◆ **WHAT YOU WILL DO**: Nothing below is to be printed except the lines between the line holding "new 2026 Chevrolet" and the line holding "Kognitives Schatzen im", inclusive, each exactly as it appears.

◆ **EXTRACTED RECORDS**:
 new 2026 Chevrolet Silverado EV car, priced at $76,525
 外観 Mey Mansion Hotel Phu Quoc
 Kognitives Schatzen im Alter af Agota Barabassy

...

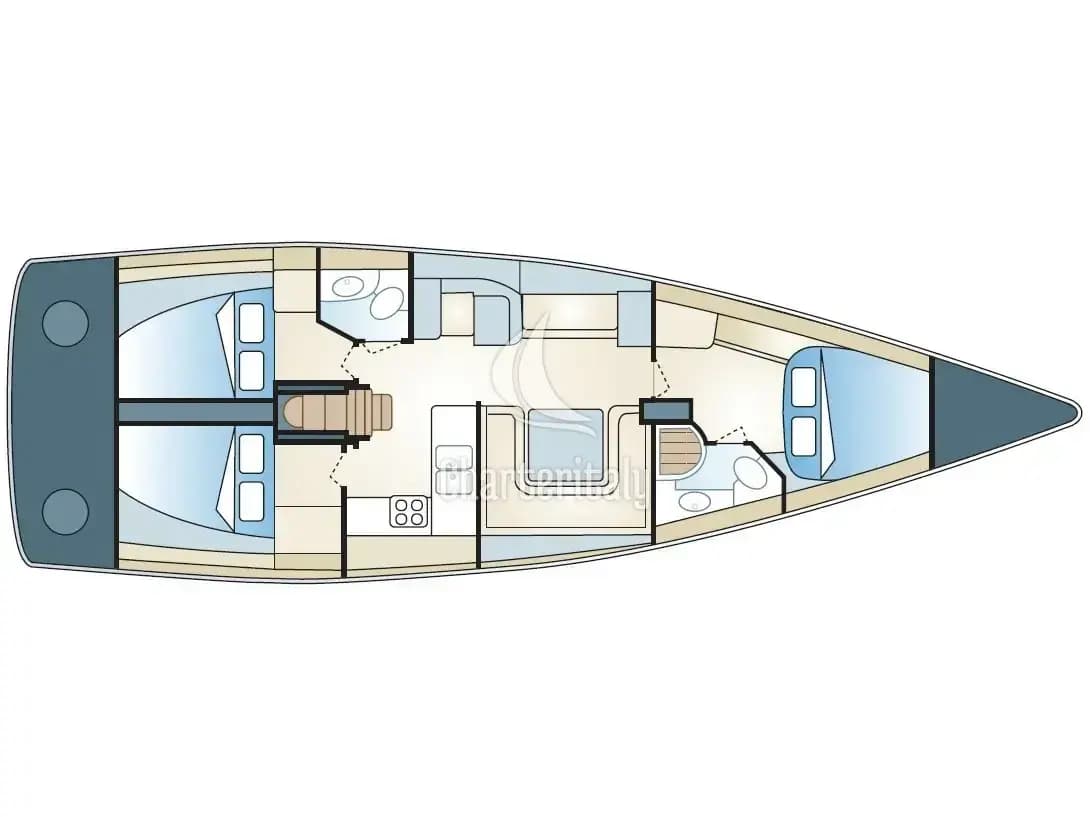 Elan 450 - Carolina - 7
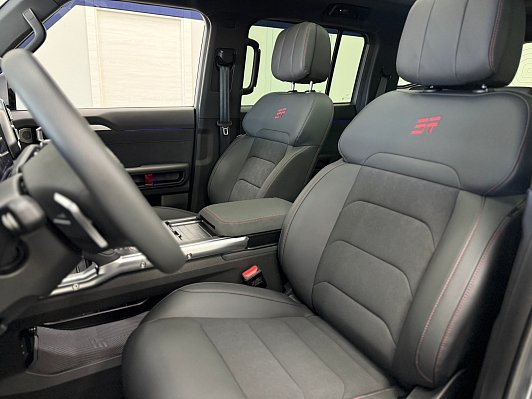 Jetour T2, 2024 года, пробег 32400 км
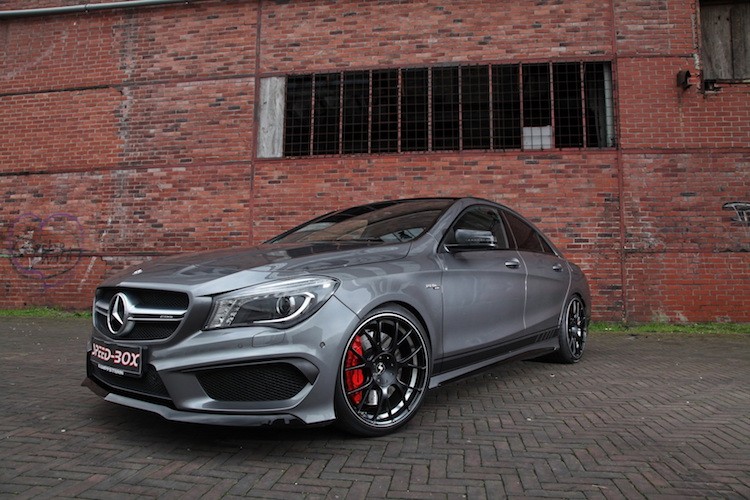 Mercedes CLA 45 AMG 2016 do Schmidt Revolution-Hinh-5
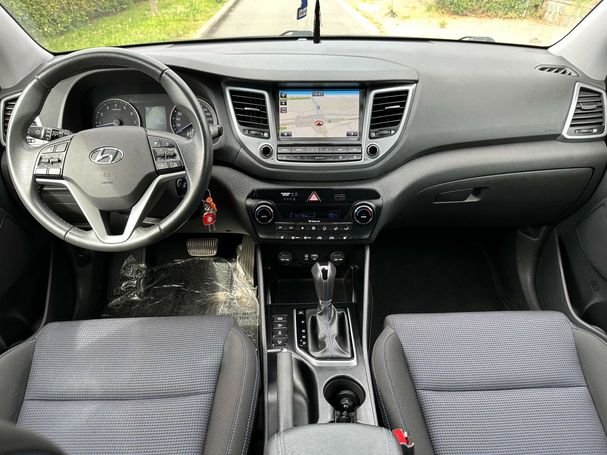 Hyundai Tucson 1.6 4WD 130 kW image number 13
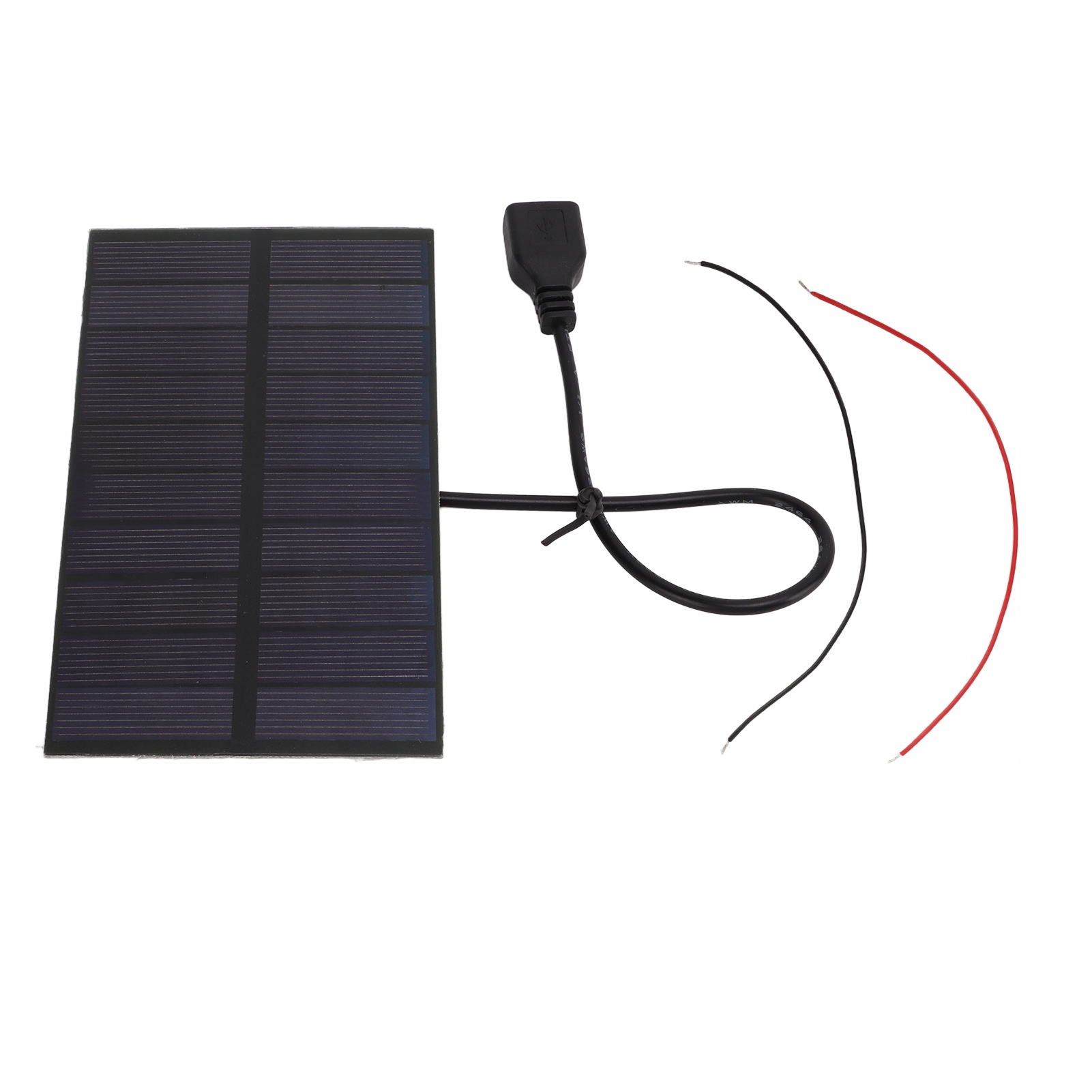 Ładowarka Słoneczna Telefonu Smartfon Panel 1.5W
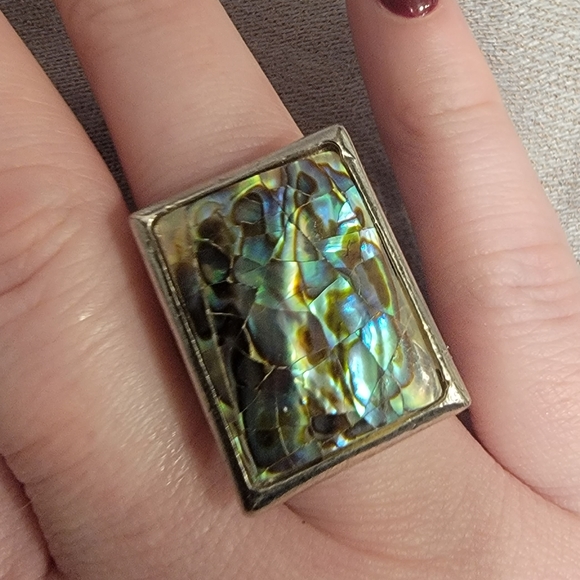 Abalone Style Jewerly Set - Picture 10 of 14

◆ **REPLY**:
 new 2026 Chevrolet Silverado EV car, priced at $76,525
 外観 Mey Mansion Hotel Phu Quoc
 Kognitives Schatzen im Alter af Agota Barabassy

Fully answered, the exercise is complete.